Property developer Italpinas Euroasian Design and Eco-Development Corporation (ITPI) is a strong advocate of the concept of biomimicry in their buildings.

ITPI is an Italian-Filipino company known for its advocacy for, and practice of, sustainable architecture and development around the country. The developer supports ‘biomimicry’ because it believes there is no richer source of inspiration than nature for buildings to work.

Its first property in Cagayan de Oro called Primavera Residences recently garnered a Five Star Award for Best Mixed-Use Development in the Philippines at the Asia Pacific Property Awards 2014-2015.

Chairman and CEO of ITPI, architect Romolo V. Nati explains that the biomimicry concept has been around for centuries, citing a famous historical example of how scientist Leonardo da Vinci copied the wings of a bat to invent his own flying machine.

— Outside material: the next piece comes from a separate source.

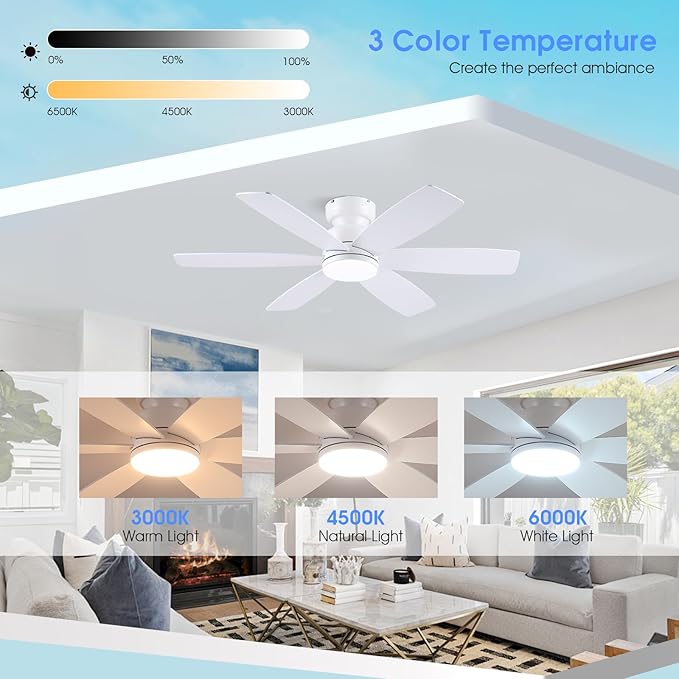 46 inch Ceiling Fans with Lights and Remote/APP Control, Low Profile Ceiling Fan with Light, Flush Mount, 3CCT, 6 Reversible Blades 6 Speeds Modern Ceiling Fan for Bedroom Living Room, White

Pointing out how consumption of natural resources and human development were in balance up to a certain point in history, Nati observes that the balance was broken primarily because of a cultural misconception that resources were infinite and man had total control over nature. For man to change, his thinking has to change first, which will positively impact cities.

For instance, property developers often copy models from around the world, which is wrong because something that works elsewhere may not work in another location. Additionally, developments tend to work against nature instead of adapting to it, resulting in structures becoming too dependent on artificial cooling systems, which contribute to rising CO2 levels.

Describing nature as actually the most intelligent designer with plants, animals and natural structures all designed with a purpose and function, Nati says the learnings from nature should be used and adapted to building design, to solve ventilation problems such as cooling and temperature control.

For the award-winning Primavera Residences, for instance, ITPI took inspiration from an anthill. One of Primavera Residences’ most prominent passive green features, the central column in the middle of every building, takes its cue from the hollow opening to the ant colony used for transporting materials and for ventilation.

The central column allows natural light into the building, diminishing the need for artificial lighting, and creates a funnel effect that allows air inside the building and distributes it to cross-facing units. Cantilevered edges absorb the sun’s heat before it hits the windows, helping to reduce the building temperature.

At its Coral City project, another architectural concept based on biomimicry, ITPI took inspiration from coral with the 30,000 sqm green complex featuring individual, interconnected buildings in ring-like shapes that can withstand earthquakes, typhoons and floods.

Architect Nati says one of the most significant benefits of looking to nature for design inspiration has been the huge savings achieved on construction costs. For instance, by incorporating passive design features, they don’t need to use expensive equipment or hire speciality green construction firms to construct their designs.

ITPI’s design inspiration is helping property buyers save money, with 20% savings being achieved on electricity thanks to the green features.